Il diario, ovviamente romanzato, è comunque costruito su fatti realmente accaduti. Sulle interviste fatte agli amici di Buckley, a chi ha lavorato con lui, tra cui quella riportata per intero a Merri Cyr che fu sua amica e fotografa; e sulle lettere che lui stesso inviò ai suoi fan e ai suoi amici.
Ci troviamo annotati fatti, incontri (anche quello con “sua maestà Bob Dylan”), pensieri e timori raccontati a comporre il ritratto umano di questo delicato artista con un atteggiamento e un carattere schivo, spesso addirittura spaurito. C’è il rapporto interrotto con il padre che chiama per nome, Tim. Nel tributo a lui dedicato, da cui inizia il diario e a cui lui decide di partecipare per chiudere un cerchio doloroso, Jeff canterà la prima canzone in cui sentì la voce del padre. Once I was, appunto.
Questo taccuino ci consegna una fotografia di Jeff Buckley ragazzo, in opposizione al mito, spesso dipinto in modo tenebroso e scuro per via della circostanza della sua morte, quell’annegamento nel Wolf River il 29 maggio del 1997, fatto diventare tanto misterioso. Ci arrivano la sua apertura e la sua raffinatezza musicale, le debolezze e la sua partecipazione faticosa a tutto quanto gli accadesse intorno.
Once I was è ovviamente solo l’inizio di uno studio su Buckley. Fa però venire voglia di saperne di più di questo musicista morto giovanissimo le cui opere, eppure, si estendono sul tempo. Jeff Buckley è infatti tra quegli artisti di cui ci chiediamo cosa avrebbero ancora scritto se fossero rimasti qui.
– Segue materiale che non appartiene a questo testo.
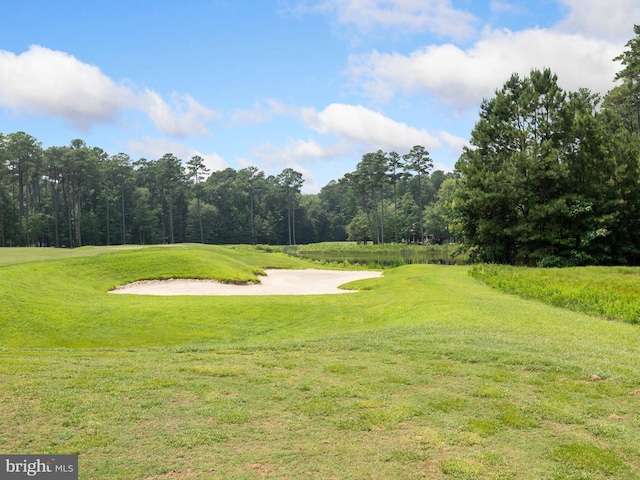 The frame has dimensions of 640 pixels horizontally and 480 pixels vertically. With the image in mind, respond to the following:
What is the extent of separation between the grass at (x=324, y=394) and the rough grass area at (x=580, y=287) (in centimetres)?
187

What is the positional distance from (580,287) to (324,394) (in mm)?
16708

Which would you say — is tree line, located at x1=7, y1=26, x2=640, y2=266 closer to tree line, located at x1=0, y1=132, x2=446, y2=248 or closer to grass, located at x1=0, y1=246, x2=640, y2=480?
tree line, located at x1=0, y1=132, x2=446, y2=248

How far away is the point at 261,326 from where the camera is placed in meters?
14.7

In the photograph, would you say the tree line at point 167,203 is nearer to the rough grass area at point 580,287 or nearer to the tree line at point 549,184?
the tree line at point 549,184

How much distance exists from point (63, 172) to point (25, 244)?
14333 mm

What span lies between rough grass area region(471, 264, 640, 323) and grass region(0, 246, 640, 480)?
187cm

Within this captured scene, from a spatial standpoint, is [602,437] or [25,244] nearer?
[602,437]

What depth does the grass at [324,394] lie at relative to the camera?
5.01m

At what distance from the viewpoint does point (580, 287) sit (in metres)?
19.8

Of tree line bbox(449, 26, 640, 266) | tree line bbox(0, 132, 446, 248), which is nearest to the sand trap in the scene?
tree line bbox(449, 26, 640, 266)

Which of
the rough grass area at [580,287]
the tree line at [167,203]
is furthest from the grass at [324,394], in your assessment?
the tree line at [167,203]

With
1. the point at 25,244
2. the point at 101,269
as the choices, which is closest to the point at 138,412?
the point at 101,269

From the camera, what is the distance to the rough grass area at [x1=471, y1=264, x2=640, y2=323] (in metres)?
16.1

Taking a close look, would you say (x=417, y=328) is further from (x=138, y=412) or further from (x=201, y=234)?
(x=201, y=234) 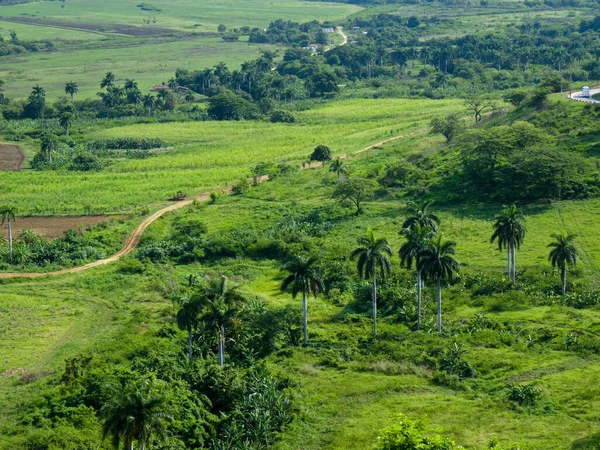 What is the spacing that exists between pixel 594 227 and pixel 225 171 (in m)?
61.9

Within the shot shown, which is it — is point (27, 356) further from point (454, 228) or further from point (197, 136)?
point (197, 136)

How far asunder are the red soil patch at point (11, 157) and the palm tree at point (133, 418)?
105 meters

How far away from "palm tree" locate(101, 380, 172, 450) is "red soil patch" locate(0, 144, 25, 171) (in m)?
105

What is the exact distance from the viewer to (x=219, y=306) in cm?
6575

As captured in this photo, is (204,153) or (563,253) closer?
(563,253)

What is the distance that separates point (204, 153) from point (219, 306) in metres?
90.0

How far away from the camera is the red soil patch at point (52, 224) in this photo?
10606 cm

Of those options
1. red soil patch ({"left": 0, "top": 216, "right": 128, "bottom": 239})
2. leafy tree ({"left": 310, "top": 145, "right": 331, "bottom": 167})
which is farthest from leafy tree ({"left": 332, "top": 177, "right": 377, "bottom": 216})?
red soil patch ({"left": 0, "top": 216, "right": 128, "bottom": 239})

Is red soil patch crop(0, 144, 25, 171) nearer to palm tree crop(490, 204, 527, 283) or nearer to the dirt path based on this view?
the dirt path

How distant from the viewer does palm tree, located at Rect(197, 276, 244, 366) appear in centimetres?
6550

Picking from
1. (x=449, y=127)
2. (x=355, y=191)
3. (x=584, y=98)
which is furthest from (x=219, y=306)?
(x=584, y=98)

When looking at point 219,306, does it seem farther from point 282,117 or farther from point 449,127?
point 282,117

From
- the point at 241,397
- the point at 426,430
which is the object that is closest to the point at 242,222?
the point at 241,397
Lezioni e Riflessioni sparse
- Anche Jeff Buckley temeva di non trovare qualcuno che pubblicasse le sue canzoni, perché in realtà, quello che gli interessava di più era “suonarle dal vivo e divertirsi”. Mi sorprende ogni volta sapere quanto molti degli artisti più straordinari non fossero pienamente consapevoli delle loro capacità. Di sicuro non era falsa modestia; semplicemente, volevano suonare aldilà del ritorno che ne sarebbe venuto. Mi sa che è proprio con questa totalità che dovremmo prendere le scelte più serie della nostra vita.
- Anche Buckley attingeva ai grandi maestri, Nina Simone, Van Morrison e soprattutto Dylan…
- Scrive “Sono orgoglioso del disco e di ogni singola nota che lo compone. Dentro ci sono canzoni che ho composto nel silenzio di una stanza molto tempo fa, quando chi era attorno a me credeva che fossero canzoni da perdente. Le ho messe nell’album per dimostrare che non lo sono.” E parlava di Grace… uno dei dischi più belli mai scritti. Credere, credere, credere. Solo la tenacia paga.
Un video
Ho trovato Jeff Buckley che canta If you see her, say hello di sua maestà Bob Dylan, appunto. Sarebbe bello sapere cosa ne pensò Dylan.
E poi c’è una versione di Once I was, la canzone di Tim Buckley, cantata da Brian Dusinberre con suo figlio. È semplicemente commovente.